I don’t know if Reform UK MP Sarah Pochin has been to Scarborough, but she won’t like what was written in the sand.
Pochin is the MP for Runcorn. What Runcorn did to deserve her is a mystery. Only it isn’t really. She squeezed in by six votes – a perfect illustration of why voting matters.
Anyway, Pochin swallowed the poisoned pint with enthusiasm. Inhaled the noxious nicotine. Or indulged in whatever it is that Nigel Farage gets his MPs hooked on. Mabe it’s vin rage bought by the caseload. One sniff or sip, and they are addicted.

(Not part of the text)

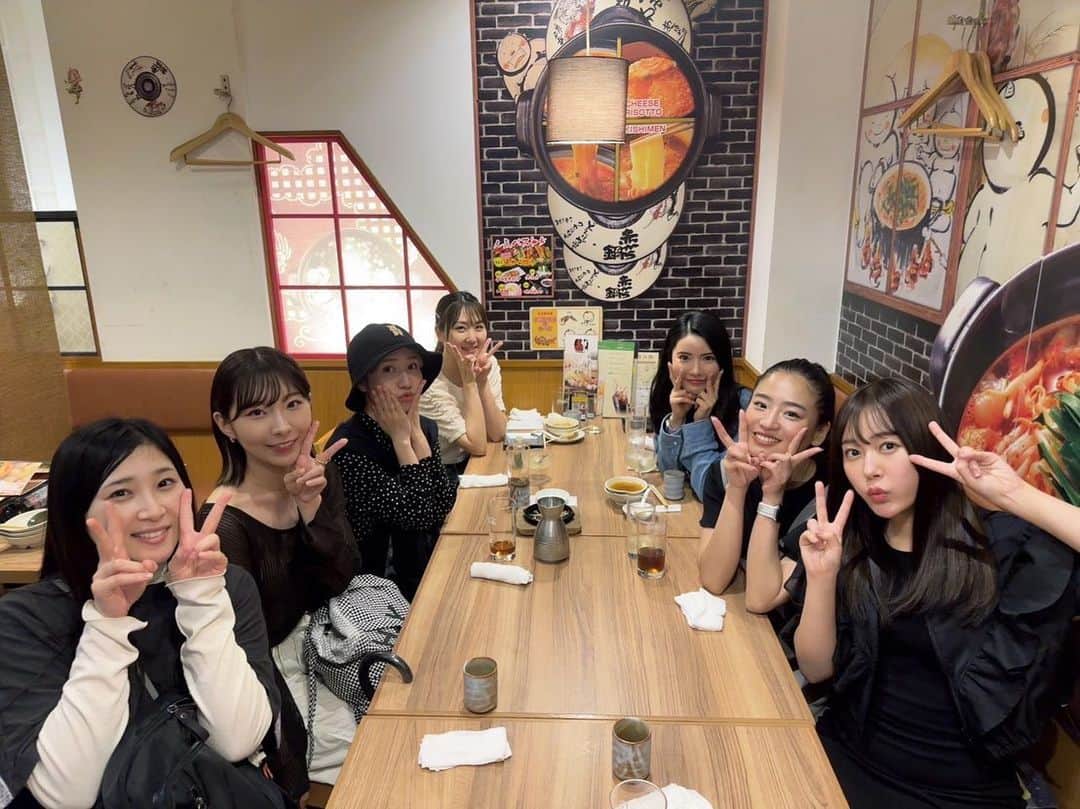 仲川遥香のインスタグラム：「日本一時帰国したら絶対に会うメンバー♥️ 本当にいつも私の帰国に合わせて集まってくれてありがとう😭💓💓💓💓すきっ🫶🏻  Kalo aku pulang ke Jepang selalu ketemu member ini♥️ makasih ya selalu kumpul kalo aku pulang😭💓Love🫶🏻🫶🏻🫶🏻  #同窓会 #２日目 #メンバー #すき #ジャカルタ生活 #一時帰国 #仲川遥香 #japan #AKB48 #love #🫶🏻」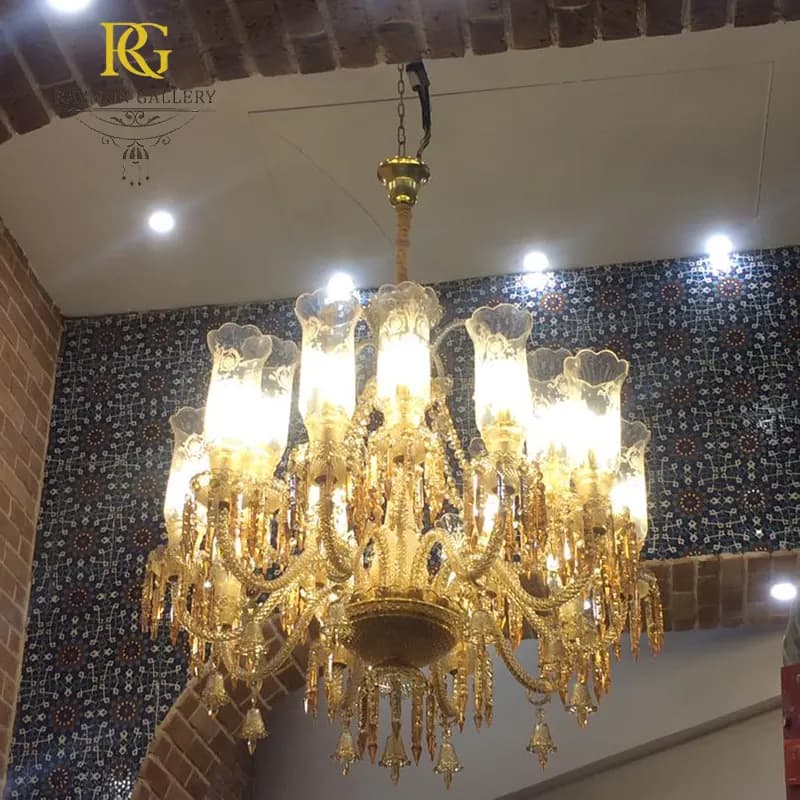 لوستر باکارات طلایی پر آویز و حباب دار بلوری(12 شاخه) — تصویر ۴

Pochin, above, has proved to be a quick learner. On being elected by six people, she filmed herself for her YouTube channel saying that Greenway Road in her constituency was riddled with crime and social unrest because of illegal immigrants. BBC North West Tonight sent a reporter to interview locals on the street who said that wasn’t true and it was a lovely place to live.
Now she’s gone on Talk TV and said: “It drives me mad when I see adverts full of black people, full of Asian people.” It does what? It you lived through the 1970s, you might think you’d suffered a bang to the head and gone back there.
Responding to a viewer who complained about the demographics of advertising, Pochin said: “It doesn’t reflect our society”, adding, “your average white person, average white family is… not represented any more”.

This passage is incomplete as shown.